For today’s list, I thought I would have a little bit of fun and list songs that should absolutely not be played at a bar. And since most bars have a jukebox with a web search for songs, things can get a little dicey. Most of these songs are great songs in their own right, but are the complete opposite of a song designed to “get the people going”.
1.) “Sister Ray” – The Velvet Underground
“Sister Ray” happens to one of the Velvet Underground’s most groundbreaking songs. That says a lot for a band that is considered to be one of the most innovative bands of all time. But “Sister Ray” also happens to be 17 minutes long of pure noise. In an act of sheer stupidity, I once tried to play this song at a bar and after about 10 minutes, someone finally changed the song.
2.) “Bridge Over Troubled Water” – Simon & Garfunkel
Any fun you’re having will automatically be zapped away if this song comes on. People go out to get away from their problems, and “Bridge Over Troubled Water” is sure to bring people back to reality.

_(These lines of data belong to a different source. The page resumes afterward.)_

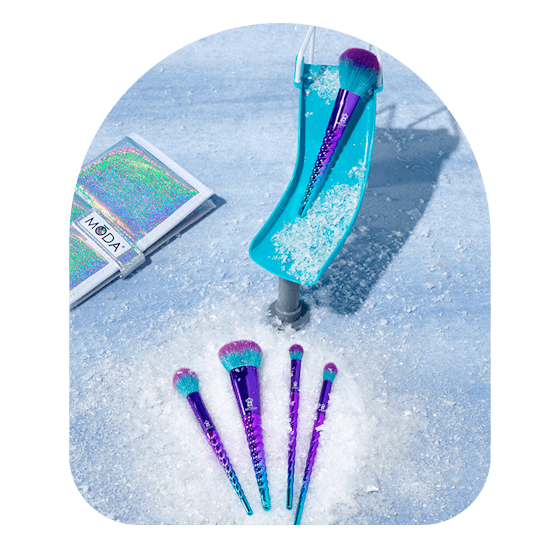 MŌDA Mythical Celestial Blue Unicorn Brush Kit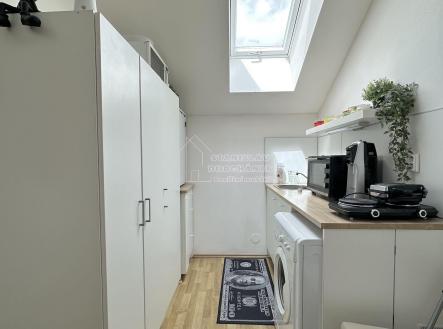 Pronájem bytu, 1+kk, 17 m²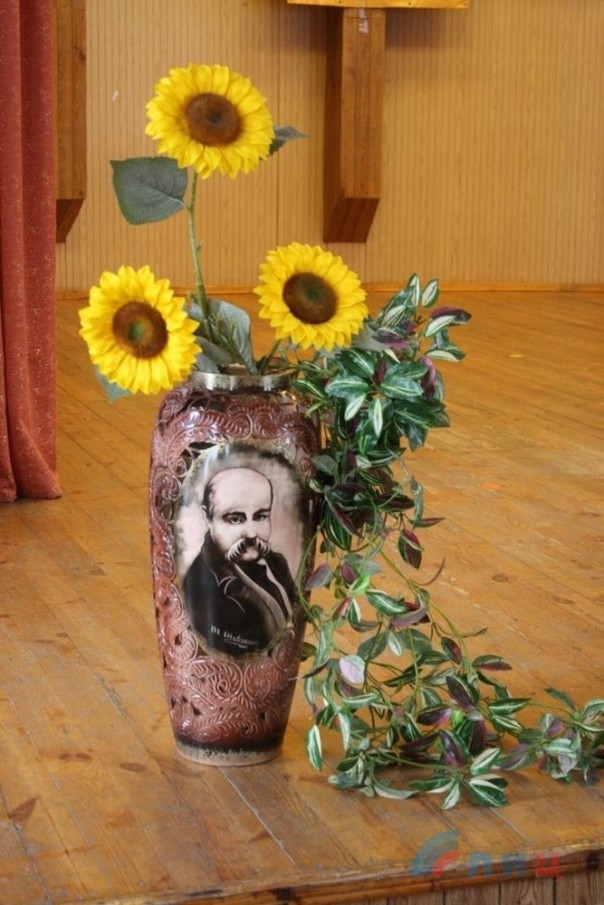 Разрыв шаблона: в ЛНР день рождения Тараса Шевченко отметили праздничным концертом и вышиванками Разрыв шаблона: в ЛНР день рождения Тараса Шевченко отметили праздничным концертом и вышиванками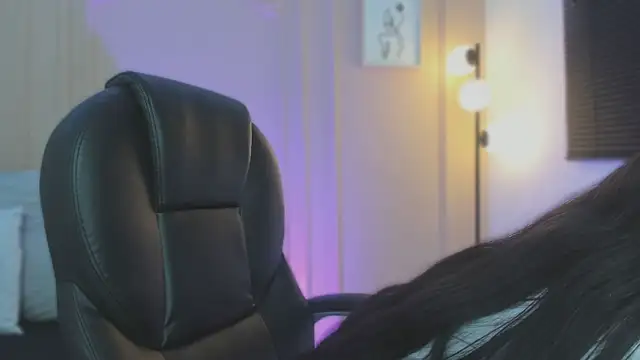 lucy neil online show from April 3, 2:31 am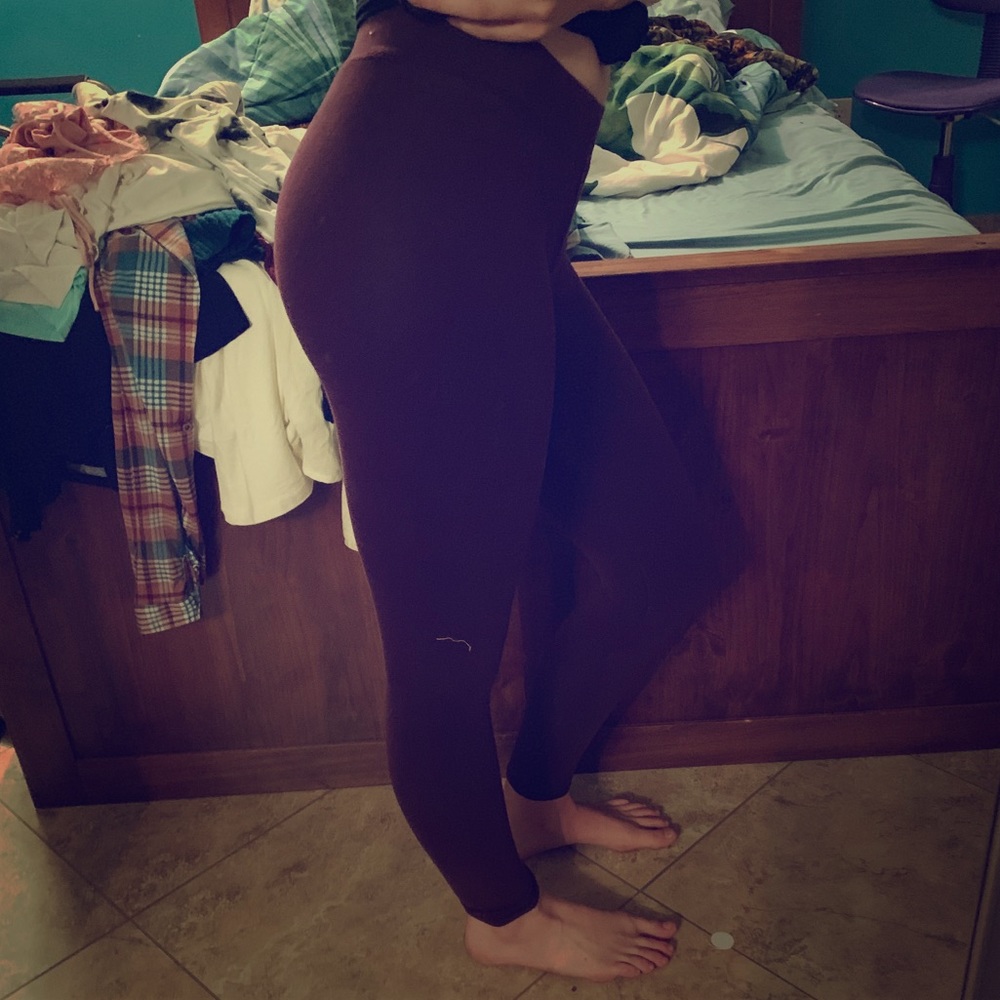 XS Arie Maroon Leggings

If you do dare to put this song on, expect at least one person to shout out: “Who the fuck put on ‘Bridge Over Troubled Water?’”
3.) “Desolation Row” – Bob Dylan
Unless your drinking friends are a bunch of college English professors, who like to argue over what Ezra Pound and TS Elliot are fighting about, or why Einstein is disguised as Robin Hood (and what are his memories doing in a trunk?), then this 11 minute song is probably not for you.
4.) “I Will Follow You Into the Dark” – Death Cab For Cutie
Really any Death Cab song is questionable for jukebox consumption, but a title like that sounds down right creepy late at night.
5.) “This Radio Clash” – The Clash
Ironically, this song was supposed to be a dance song with its funky rhythms and early hip-hop beats. Time has not been kind to this song, and its 4 minutes seem just about as long as “Sister Ray”.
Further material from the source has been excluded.